And then abruptly the lights went out in every single compartment.
The blackness was absolute. People put up windows and looked out
into the viewless tunnel, until the vapours drove them back within.
Now down the line were heard hoarse shouts and echoes, and the
bobbing light of the guard’s lamp illuminated the sweating roof of the
tunnel as he passed along to interview the engine driver. In a few
minutes he came back, calling out, “Don’t be frightened, ladies and
gentlemen, there’s no danger.” Heads peered out once more into the
mephitic blackness, and the word went along that there had been a
breakdown on the line ahead and that their lighting had by an
unfortunate coincidence broken down as well. Everybody hoped that
the signals behind were as vigilant as those in front and that the red
lamps were burning bright to show that there was danger on the line.

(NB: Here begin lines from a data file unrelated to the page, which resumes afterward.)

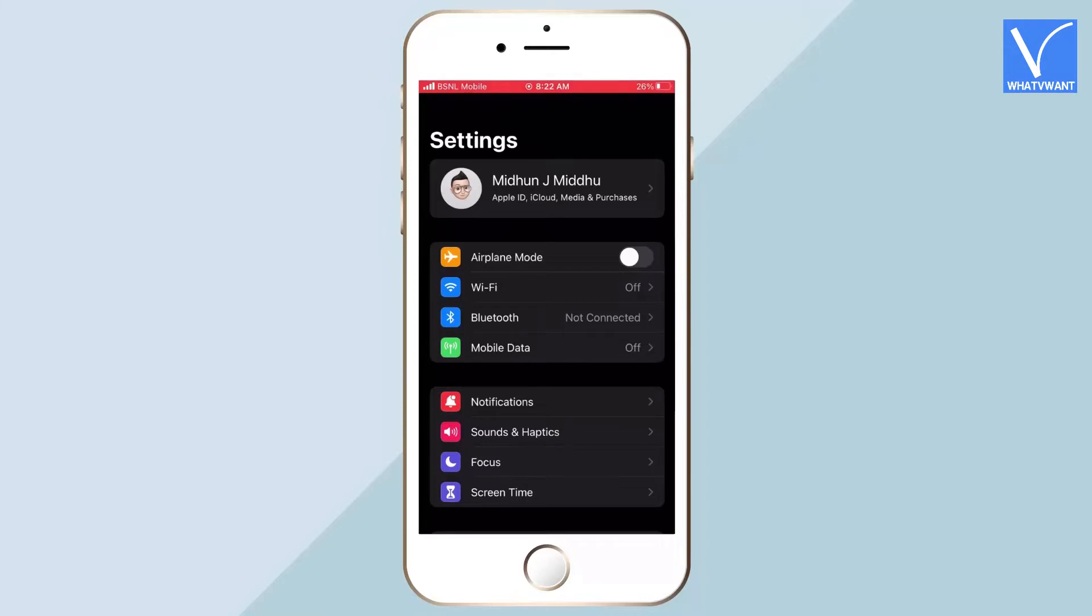There, on the top of the settings page you will find the Wi-Fi option. Tap on it.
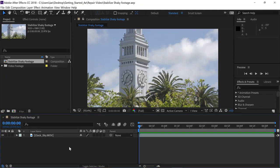We all know that production can sometimes be a challenge, so it's nice to know there are tools that can help you out when things don't go quite as planned. The Warp Stabilizer VFX tool in After Effects happens to be one of the best when you have a shot that's just got a little too much camera shake.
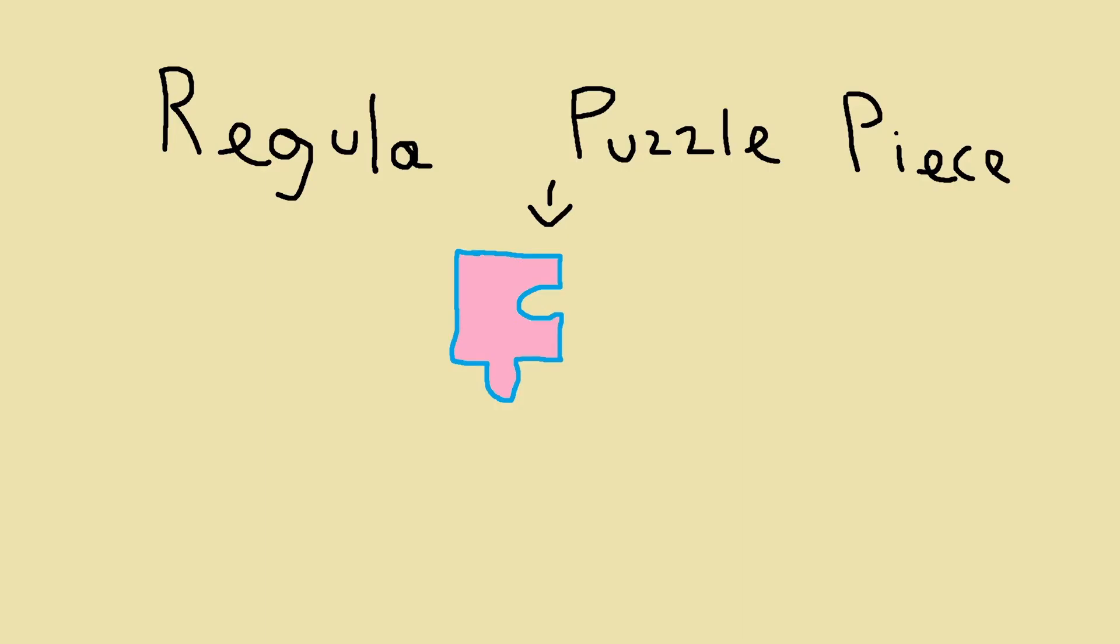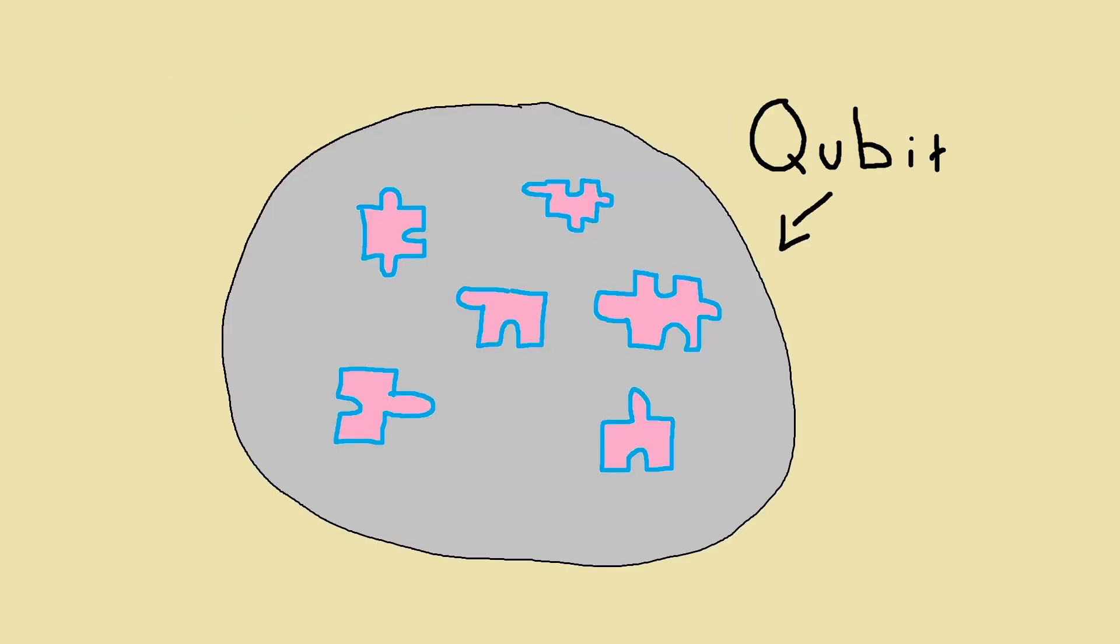Quantum computers have a special puzzle piece called qubits. Unlike regular puzzle pieces me and you would use, the qubits that quantum use can be two different shapes and colours at the same time.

“I aspeck the poor train wanted a rest, muvver,” said Letizia. “I
aspeck it was sleepy because it was out so late.”
“I know somebody else who’s sleepy.”
“P’r’aps a little bit,” Letizia admitted.
“Dear me, she must be tired,” her mother said across the darkness
to the nun. “Well, then, put your head on my lap, old lady, and go
right off to sleep as soon as ever you can.”
For some time the two grown-ups in the compartment sat in
silence while the little girl went to sleep. It was the nun who spoke
first.
“I wonder whether it will disturb her if we talk quietly? But this utter
blackness and silence is really rather dispiriting.”
“Oh, no, Sister, we shan’t disturb her. She’s sound asleep by now.”
“Does she always travel with you when you’re on tour?” the nun
asked.
“Until now she has. You see, my husband only died at Christmas
and we were always together with her. I am a little worried about the
future, because I can’t afford to travel with a nurse and landladies
vary and of course she has to be left in charge of somebody.”
“Yes, I can understand that it must be a great anxiety to you.”
Nancy thought how beautiful the nun’s voice sounded in this
darkness. While the train was moving, she had not realised its
quality, but in the stillness now it stole upon her ears as magically as
running water or as wind in pine-tree tops or as any tranquil and
pervasive sound of nature. In her mind’s eye she was picturing the
nun’s face as it had appeared when she was speaking of Italy, and
she was filled with a desire to confide in her.
“That is really the reason I’ve been to Brigham,” Nancy said. “I
thought that I ought to give my husband’s relations the opportunity of
looking after Letizia. Not because I want to shirk the responsibility,”
she added quickly. “Indeed I would hate to lose her, but I did feel that
she ought to have the chance of being brought up quietly. My own
mother died when I was very young, and my father who is on the
stage allowed me to act a great deal as a child, so that really I didn’t
go to school till I was over twelve, and it wasn’t a very good school,
because I was living in Dublin with an aunt who hadn’t much money.
Indeed I never really learnt anything, and when I was sixteen I went
back to the stage for good. I’m only twenty-four now. I look much
older, I think.”
“I shouldn’t have said that you were more than that,” the nun
replied. “But how terribly sad for you, my dear, to have lost your
husband so young. Many years ago before I became a nun I was
engaged to be married to a young Italian, and he died. That was in
Italy, and that is why I still always think of Italy as the loveliest
country and of Italian as the most beautiful language. But you were
telling me about your relations in Brigham.”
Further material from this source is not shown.